SEOUL – Prime Minister Shinzo Abe and South Korean President Moon Jae-in affirmed in telephone talks Tuesday they will continue working together to step up pressure on North Korea following the victory of Japan’s ruling coalition in Sunday’s Lower House election.
Moon called Abe to congratulate him on the election outcome, telling the prime minister he strongly supports his “policy vision and leadership,” according to a Japanese government spokesman.
Abe thanked Moon for his support, and the two agreed to continue to further develop bilateral ties, the spokesman said.
While sticking points over historical grievances and territory remain in Japan-South Korea relations, the conversation was cordial, with Abe telling Moon he ate Korean food on the eve of the election to recoup his energy after campaigning.
The election platform of Abe’s Liberal Democratic Party — which together with its coalition partner, Komeito, won more than two-thirds of the seats in the Lower House — included a pledge to “lead” international efforts to put pressure on North Korea over its nuclear and ballistic missile threats.
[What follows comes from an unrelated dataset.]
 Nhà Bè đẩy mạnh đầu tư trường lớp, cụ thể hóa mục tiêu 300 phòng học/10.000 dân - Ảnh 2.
Abe also told Moon that he looks forward to seeing him in Japan before the end of the year for a trilateral summit with Chinese Premier Li Keqiang, the spokesman said.
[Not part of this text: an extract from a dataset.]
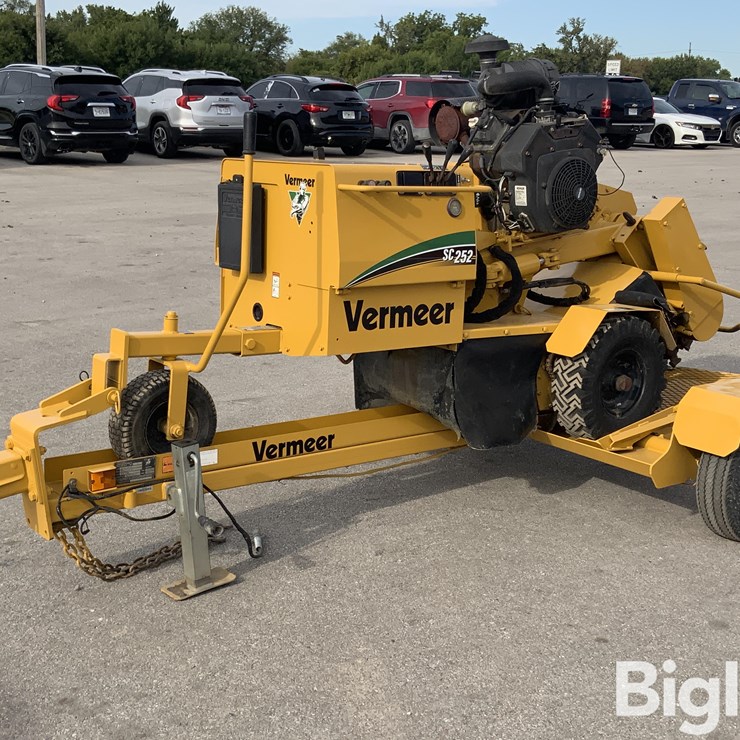 2005 VERMEER SC252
A specific date for the trilateral gathering is still unconfirmed. Japan was supposed to host the summit last year, but it was postponed due to a corruption scandal involving South Korea’s then-President Park Geun-hye.
After his talk with Moon, Abe took a phone call from Australian Prime Minister Malcolm Turnbull, who also offered congratulations on the election win.
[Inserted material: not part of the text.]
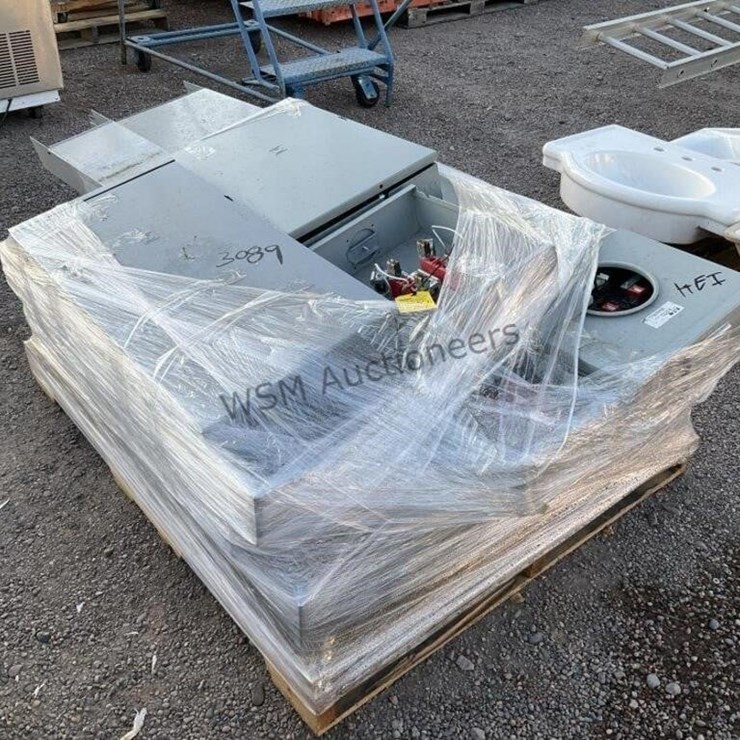 PALLET OF ASST ELECTRICAL PANELS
Abe and Turnbull affirmed that they will work closely together on the Trans-Pacific Partnership free trade pact, the spokesman said.
Following the United States’ withdrawal from the TPP earlier this year, the remaining 11 Pacific Rim signatories, including Japan and Australia, are trying to come to an agreement on what amendments or freezes should be made in order to bring it into force.
The signatories have pledged to reach a deal in time for the Asia-Pacific Economic Cooperation forum summit starting Nov. 10 in Vietnam.